The Burmese police chief, Brig-Gen Khin Yi, alleged that a mastermind was orchestrating John William Yettaw, whose intrusion on Aung San Suu Kyi led to her arrest and trial.
“There must be a mastermind behind Mr. Yettaw. We are investigating who exactly is behind this,” the police chief told journalists and diplomats at a press conference in Rangoon on Thursday.
Khin Yi said John William Yettaw was not wealthy enough to travel and stay in Thailand and Burma for several months, and his long stays must have been financed by a group masterminding his actions.
Khin Yi also alleged that Yettaw might have wanted security guards to arrest him, because he did not take the same route entering and leaving Suu Kyi's house . “By swimming through Inya Lake he attracted the attention of police guarding Suu Kyi,” Khin Yi said.
Khin Yi frequently repeated that Yettaw had met with exiled and unlawful groups before his last visit to Burma.
According to Burmese and Thai sources in Mae Sot, a Thai town on the border with Burma, Yettaw, 53, spent more than a month at a hotel in the town after his first visit to Rangoon in November 2008. During this visit he managed to get in to Suu Kyi’s compound, but her companions prevented him from meeting her.
While he was in Mae Sot, people recalled Yettaw saying that he planned to return to visit Suu Kyi again.
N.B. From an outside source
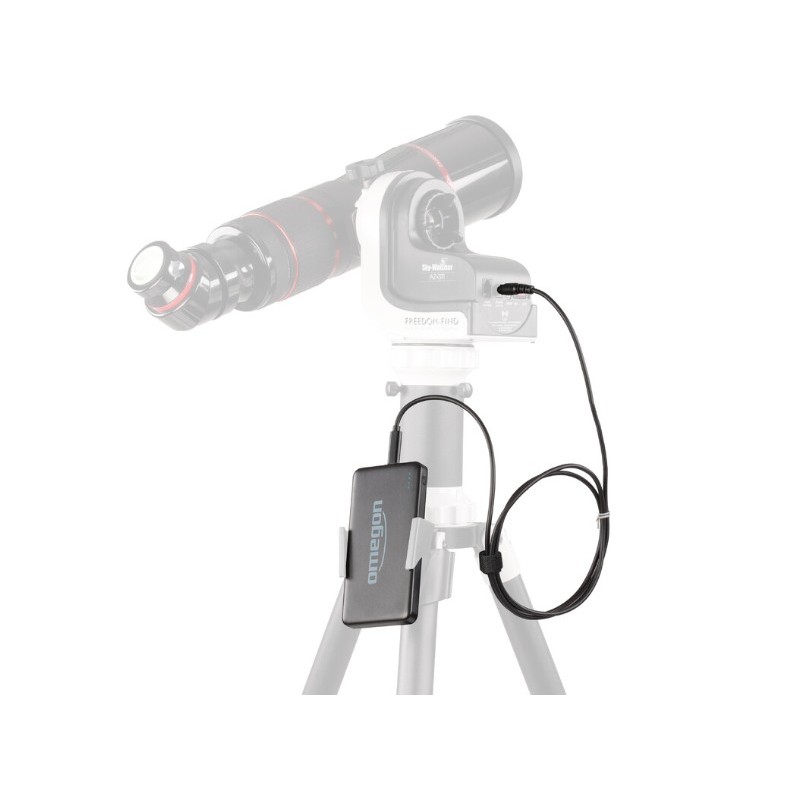 Powerbank OMEGON 10k 37Wh 12V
His second visit led to the fateful encounter with Suu Kyi in May, sources said.
In Mae Sot, Yettaw stayed at the Highland Hotel, where he spoke to several people about Burma and made brief comments about Suu Kyi. He openly told people about his first visit to her compound.
Yettaw was still in debt for the expenses he incurred during his first trip to Burma, according to his family. Before leaving his home in Falcon, Missouri, Yettaw told his wife, Betty Yettaw, that he planned to visit Asia for a book he was writing, according to an Associated Press report.
Yettaw, a Mormon, reportedly does not hold strong political views. He receives disability payments from the US Veteran’s Affairs office for Vietnam-related injuries and has been pursuing studies in psychology.